Single by Tenille Arts

from the album Girl to Girl
- Released: February 19, 2021
- Genre: Country;
- Length: 3:13
- Label: 19th & Grand;
- Songwriter(s): Tenille Arts; Dave Pittenger; Allison Veltz;
- Producer(s): Dave Pittenger;

Tenille Arts singles chronology
| "Everybody Knows Everybody" (2020) | "Give It to Me Straight" (2021) | "Back Then, Right Now" (2021) |

Music video
- "Give It to Me Straight" on YouTube

Alternative cover

= Give It to Me Straight =

2021 song by Tenille Arts

"Give It to Me Straight" is a song co-written and recorded by Canadian country artist Tenille Arts.
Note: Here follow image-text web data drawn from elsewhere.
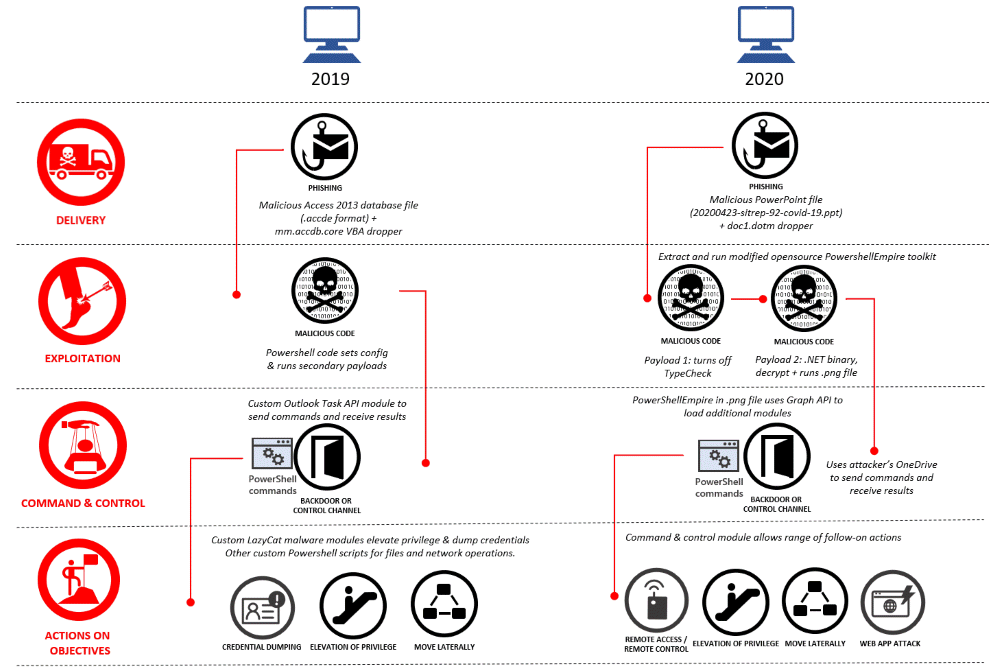 Microsoft Removed 18 Azure Active Directory Applications from its Azure Portal   Cybers Guards - 98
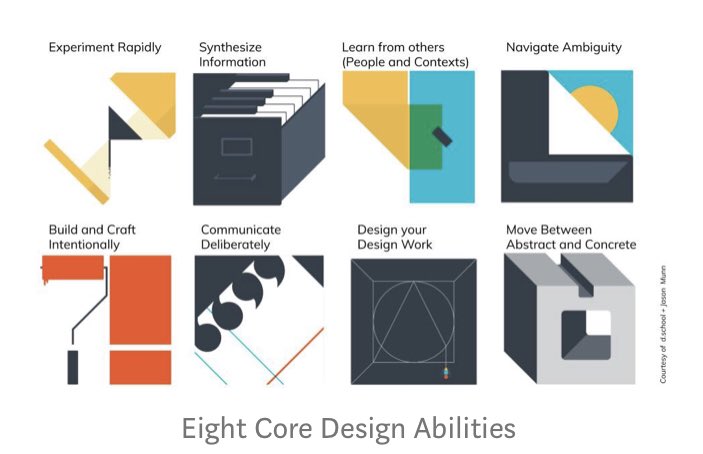 lndeutsch's tweet photo. Beyond the hexagons. Design is more complex than that. @k12lab #designabilities #mindsetsmatter #designthinking #Empathy2Action #dtk12chat https://t.co/hyJcvGExWi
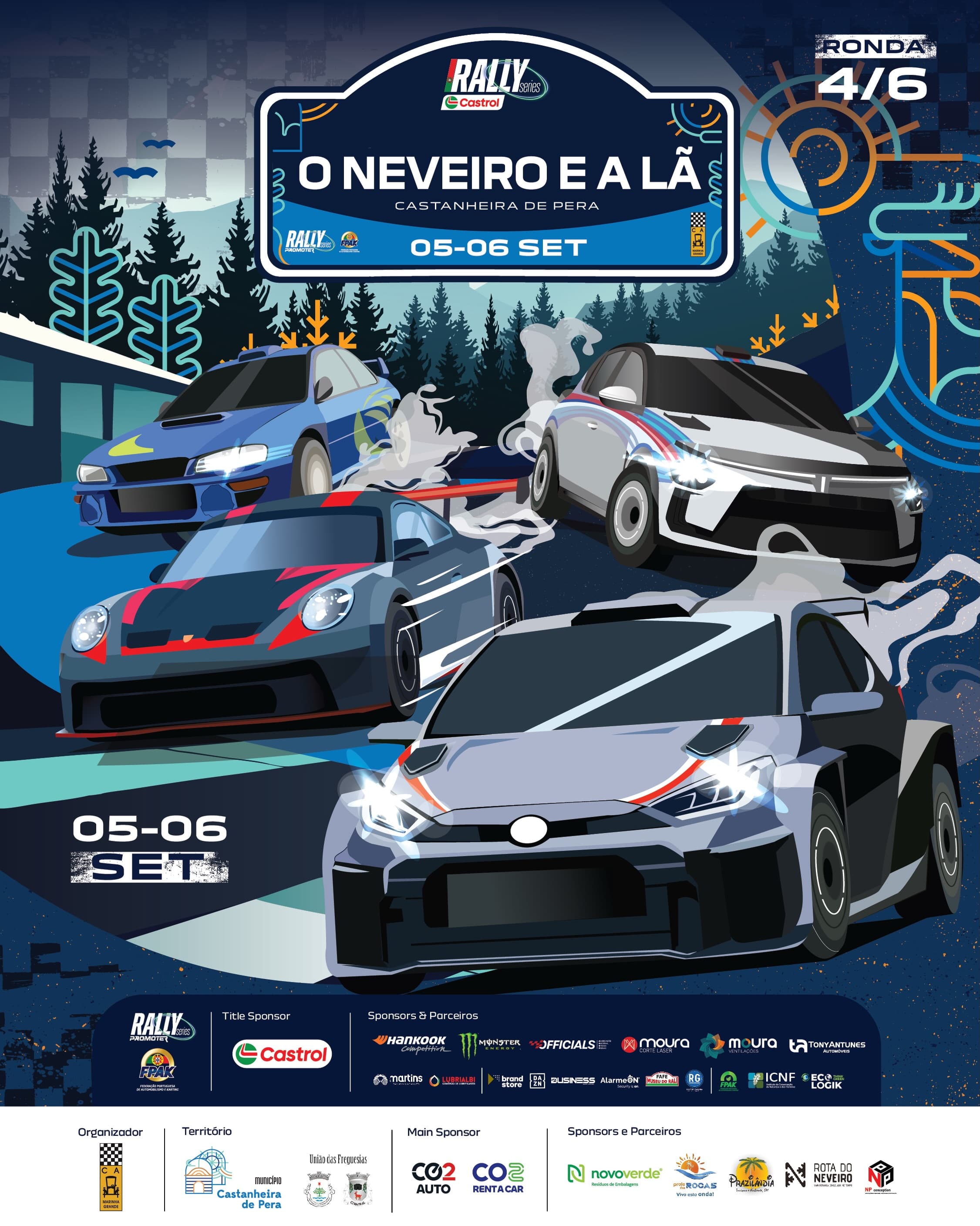 Rally Series O Neveiro e a Lã – Castanheira de Pera 2026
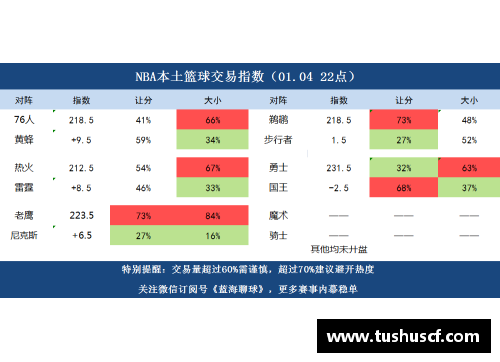 永利皇宫NBA篮彩吧：全面解析赛事数据，探讨投注技巧及最新赛况 - 副本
The song was co-written with Dave Pittenger and Allison Veltz. It was only released to radio in Canada, where it was the lead single off her third studio album Girl to Girl.

==Background==
Arts described the track as a "pre-breakup song" saying it is about "when you just want someone to cut to the chase and tell you why you’re really breaking up".

==Critical reception==
Jonathan Andre of 365 Days of Inspiring Media called the song "catchy and compelling", saying it "hits all the right notes".

==Music video==
The official music video for "Give It to Me Straight" features Arts singing in many different outfits and was directed by Grant Claire. It premiered on April 19, 2021.

==Charts==
"Give It to Me Straight" reached a peak of number six on the Billboard Canada Country chart dated July 24, 2021, marking Arts' biggest hit in her home country to date.